Saved data entries
+-------+
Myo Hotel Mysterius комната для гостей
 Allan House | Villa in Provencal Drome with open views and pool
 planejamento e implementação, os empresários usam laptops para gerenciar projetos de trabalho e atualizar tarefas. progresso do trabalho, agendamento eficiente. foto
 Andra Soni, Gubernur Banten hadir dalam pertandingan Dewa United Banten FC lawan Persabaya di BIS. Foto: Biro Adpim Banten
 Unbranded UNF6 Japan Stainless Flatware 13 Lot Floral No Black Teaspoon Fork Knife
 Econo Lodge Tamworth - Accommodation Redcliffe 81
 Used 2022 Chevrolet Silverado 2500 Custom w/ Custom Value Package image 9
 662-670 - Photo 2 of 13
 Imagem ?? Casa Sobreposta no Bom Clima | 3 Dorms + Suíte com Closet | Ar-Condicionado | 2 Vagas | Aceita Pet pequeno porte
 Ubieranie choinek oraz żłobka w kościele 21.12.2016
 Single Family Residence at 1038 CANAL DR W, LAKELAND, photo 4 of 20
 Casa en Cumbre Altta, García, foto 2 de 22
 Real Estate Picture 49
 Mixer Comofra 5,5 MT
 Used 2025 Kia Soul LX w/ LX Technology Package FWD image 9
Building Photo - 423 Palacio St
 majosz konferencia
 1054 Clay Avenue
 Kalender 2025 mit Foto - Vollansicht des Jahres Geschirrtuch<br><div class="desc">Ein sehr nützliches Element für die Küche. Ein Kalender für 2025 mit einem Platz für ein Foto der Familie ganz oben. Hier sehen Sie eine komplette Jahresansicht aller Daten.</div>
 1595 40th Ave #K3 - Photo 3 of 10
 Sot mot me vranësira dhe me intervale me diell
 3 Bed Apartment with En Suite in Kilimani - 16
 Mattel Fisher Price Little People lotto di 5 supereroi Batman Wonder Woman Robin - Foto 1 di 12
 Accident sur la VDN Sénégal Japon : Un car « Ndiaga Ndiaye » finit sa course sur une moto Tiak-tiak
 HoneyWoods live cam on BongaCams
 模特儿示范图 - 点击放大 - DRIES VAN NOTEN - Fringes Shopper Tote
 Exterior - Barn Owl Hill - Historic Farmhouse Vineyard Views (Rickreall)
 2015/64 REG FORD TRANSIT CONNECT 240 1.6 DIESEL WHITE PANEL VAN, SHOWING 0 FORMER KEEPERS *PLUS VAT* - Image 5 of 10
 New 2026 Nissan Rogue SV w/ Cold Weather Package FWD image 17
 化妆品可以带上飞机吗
+-------+
Give again only the lines starting at the one that contains "Used 2025 Kia" and running to the end of the data.

 Used 2025 Kia Soul LX w/ LX Technology Package FWD image 9
Building Photo - 423 Palacio St
 majosz konferencia
 1054 Clay Avenue
 Kalender 2025 mit Foto - Vollansicht des Jahres Geschirrtuch<br><div class="desc">Ein sehr nützliches Element für die Küche. Ein Kalender für 2025 mit einem Platz für ein Foto der Familie ganz oben. Hier sehen Sie eine komplette Jahresansicht aller Daten.</div>
 1595 40th Ave #K3 - Photo 3 of 10
 Sot mot me vranësira dhe me intervale me diell
 3 Bed Apartment with En Suite in Kilimani - 16
 Mattel Fisher Price Little People lotto di 5 supereroi Batman Wonder Woman Robin - Foto 1 di 12
 Accident sur la VDN Sénégal Japon : Un car « Ndiaga Ndiaye » finit sa course sur une moto Tiak-tiak
 HoneyWoods live cam on BongaCams
 模特儿示范图 - 点击放大 - DRIES VAN NOTEN - Fringes Shopper Tote
 Exterior - Barn Owl Hill - Historic Farmhouse Vineyard Views (Rickreall)
 2015/64 REG FORD TRANSIT CONNECT 240 1.6 DIESEL WHITE PANEL VAN, SHOWING 0 FORMER KEEPERS *PLUS VAT* - Image 5 of 10
 New 2026 Nissan Rogue SV w/ Cold Weather Package FWD image 17
 化妆品可以带上飞机吗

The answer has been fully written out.